The vector r−r1 goes from the charge to point P, in this case it
coincides with the vector r, it is given by
\( \mathbf{r}-\mathbf{r}_{1}=d\;\mathbf{i}+y\;\mathbf{j}-\mathbf{0}=d\;\mathbf{i}+y\;\mathbf{j} \).

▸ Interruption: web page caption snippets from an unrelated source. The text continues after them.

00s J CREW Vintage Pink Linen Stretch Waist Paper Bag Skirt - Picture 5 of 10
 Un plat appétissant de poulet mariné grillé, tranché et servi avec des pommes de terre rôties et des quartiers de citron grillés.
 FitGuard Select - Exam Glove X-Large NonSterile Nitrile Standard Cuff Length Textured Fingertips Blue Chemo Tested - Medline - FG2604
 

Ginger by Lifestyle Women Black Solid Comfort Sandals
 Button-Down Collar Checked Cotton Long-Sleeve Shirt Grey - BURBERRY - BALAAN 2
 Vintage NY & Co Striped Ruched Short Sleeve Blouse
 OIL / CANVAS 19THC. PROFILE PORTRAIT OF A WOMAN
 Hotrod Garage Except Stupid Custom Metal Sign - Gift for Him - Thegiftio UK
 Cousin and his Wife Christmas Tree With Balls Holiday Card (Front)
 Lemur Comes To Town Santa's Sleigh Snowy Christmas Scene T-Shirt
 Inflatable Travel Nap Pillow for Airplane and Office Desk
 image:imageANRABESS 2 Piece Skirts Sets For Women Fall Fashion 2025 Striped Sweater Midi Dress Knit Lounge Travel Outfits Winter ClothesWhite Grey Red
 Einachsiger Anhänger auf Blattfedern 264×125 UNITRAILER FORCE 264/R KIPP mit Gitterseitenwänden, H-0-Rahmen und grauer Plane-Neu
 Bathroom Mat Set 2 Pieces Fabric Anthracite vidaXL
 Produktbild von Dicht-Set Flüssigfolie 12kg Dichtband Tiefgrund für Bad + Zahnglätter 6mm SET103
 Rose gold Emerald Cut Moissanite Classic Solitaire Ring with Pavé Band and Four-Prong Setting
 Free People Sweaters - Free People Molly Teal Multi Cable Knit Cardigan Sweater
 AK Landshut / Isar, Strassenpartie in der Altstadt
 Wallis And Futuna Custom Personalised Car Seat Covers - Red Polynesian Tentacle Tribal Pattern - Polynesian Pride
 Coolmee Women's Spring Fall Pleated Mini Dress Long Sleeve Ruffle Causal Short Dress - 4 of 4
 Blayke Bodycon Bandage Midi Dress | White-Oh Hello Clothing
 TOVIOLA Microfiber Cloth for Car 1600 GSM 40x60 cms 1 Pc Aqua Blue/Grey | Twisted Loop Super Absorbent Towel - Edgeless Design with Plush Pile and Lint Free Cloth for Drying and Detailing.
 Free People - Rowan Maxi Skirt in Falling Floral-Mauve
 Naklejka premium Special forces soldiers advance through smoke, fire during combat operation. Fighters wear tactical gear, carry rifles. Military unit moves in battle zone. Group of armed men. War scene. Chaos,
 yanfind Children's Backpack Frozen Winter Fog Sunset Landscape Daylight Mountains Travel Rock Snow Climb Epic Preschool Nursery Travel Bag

The vector r is the same as in the previous situation. The vector r2 goes from
the origin to the second charge +q, and is given by
\( \mathbf{r}_{2}=2d\mathbf{i} \).
The vector r−r2 goes from the charge to the point P, and is given
by
\( \mathbf{r}-\mathbf{r}_{2}=d\;\mathbf{i}+y\;\mathbf{j}-2d\mathbf{i}=-d\;\mathbf{i}+y\;\mathbf{j} \),
(Figure 2).
Solution
The electric field vector of a discrete system of charges is calculated by
\[
\begin{gather}
\bbox[#99CCFF,10px]
{\mathbf{E}=\frac{1}{4\pi \epsilon_{0}}\;\sum_{i=1}^{n}\;\frac{q_{i}}{\left|\mathbf{r}-\mathbf{r}_{i}\right|^{2}}\;\frac{\mathbf{r}-\mathbf{r}_{i}}{\left|\mathbf{r}-\mathbf{r}_{i}\right|}}
\end{gather}
\]
\[
\begin{gather}
\mathbf{E}=\frac{1}{4\pi \epsilon_{0}}\left\{\frac{q_{1}}{\left|\mathbf{r}-\mathbf{r}_{1}\right|^{2}}\;\frac{\mathbf{r}-\mathbf{r}_{1}}{\left|\mathbf{r}-\mathbf{r}_{1}\right|}+\frac{q_{2}}{\left|\mathbf{r}-\mathbf{r}_{2}\right|^{2}}\;\frac{\mathbf{r}-\mathbf{r}_{2}}{\left|\mathbf{r}-\mathbf{r}_{2}\right|}\right\}
\end{gather}
\]
The denominators of the above equation are written as
\( \left|\mathbf{r}-\mathbf{r}_{1}\right|=\sqrt{d^{2}+y^{2}\;} \),
\( \left|\mathbf{r}-\mathbf{r}_{1}\right|^{2}=d^{2}+y^{2} \),
\( \left|\mathbf{r}-\mathbf{r}_{2}\right|=\sqrt{(-d)^{2}+y^{2}\;}=\sqrt{d^{2}+y^{2}\;} \).
and
\( \left|\mathbf{r}-\mathbf{r}_{2}\right|^{2}=d^{2}+y^{2} \)
\[
\begin{gather}
\mathbf{E}=\frac{1}{4\pi \epsilon_{0}}\left\{\frac{q}{\left(d^{2}+y^{2}\right)^{1/2}}\;\frac{\left(d\;\mathbf{i}+y\;\mathbf{j}\right)}{\left(d^{2}+y^{2}\right)}+\frac{q}{\left(d^{2}+y^{2}\right)^{1/2}}\;\frac{\left(-d\;\mathbf{i}+y\;\mathbf{j}\right)}{\left(d^{2}+y^{2}\right)}\right\}\\[5pt]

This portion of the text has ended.